Source records:
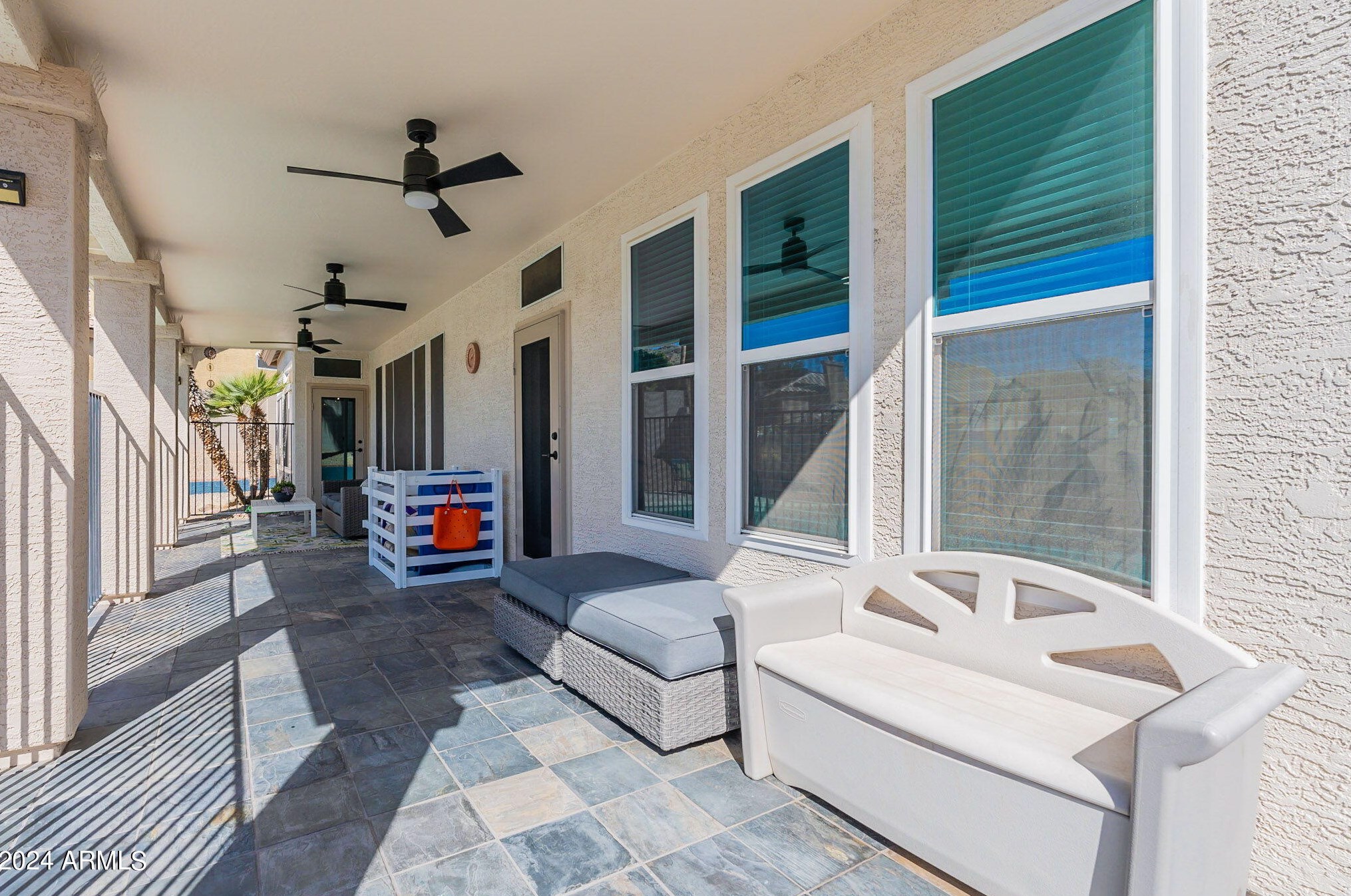 2123 Granite Vw Dr, Phoenix AZ 85044-7072 exterior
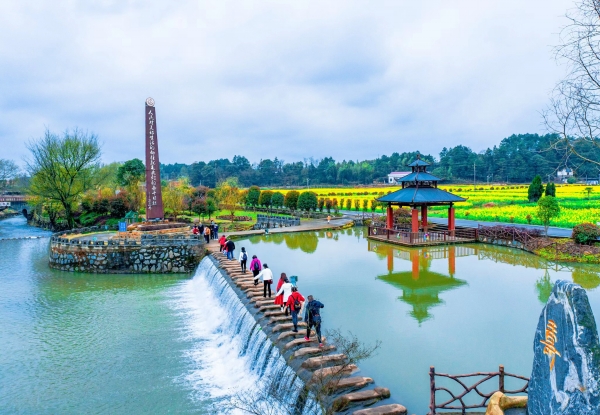 风光旖旎的江背镇印山天玺湖.风景宜人的浏阳河江背段.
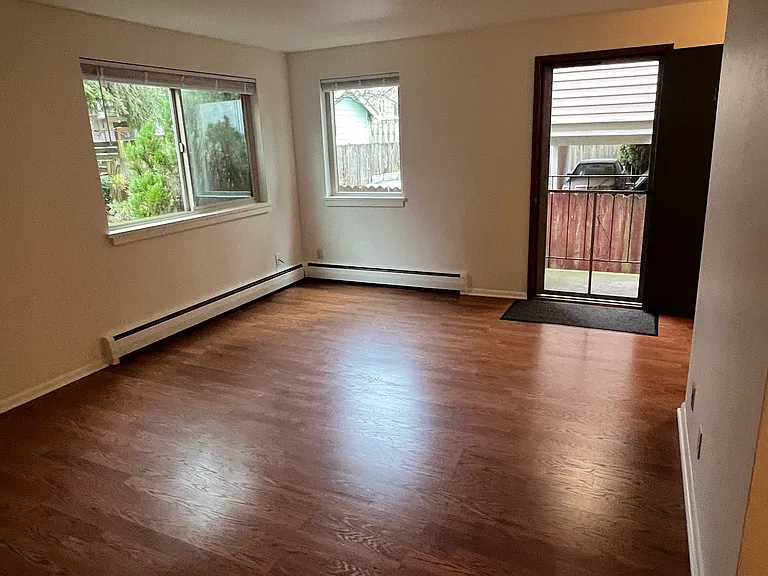412 N 45th St #102 — Photo 10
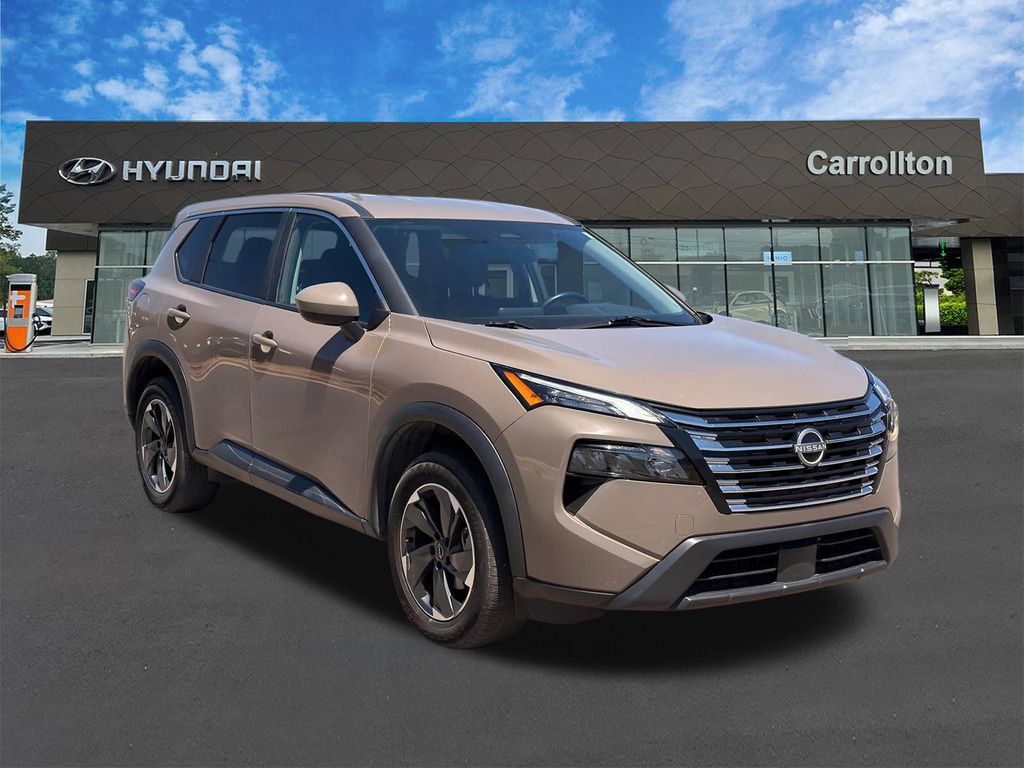 Used 2025 Nissan Rogue SV AWD/4WD image 3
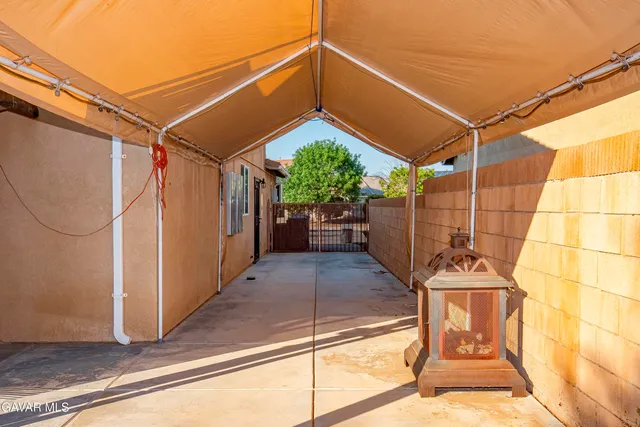 $539,999 | 43635 Castle Circle, Lancaster, CA 93535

Work required: Copy exactly the lines that begin at the one containing "Used 2025 Nissan Rogue SV AWD/4WD image 3" and end at the last line of the records, both included, omitting the pictures.

Solution to this problem:
 Used 2025 Nissan Rogue SV AWD/4WD image 3
 $539,999 | 43635 Castle Circle, Lancaster, CA 93535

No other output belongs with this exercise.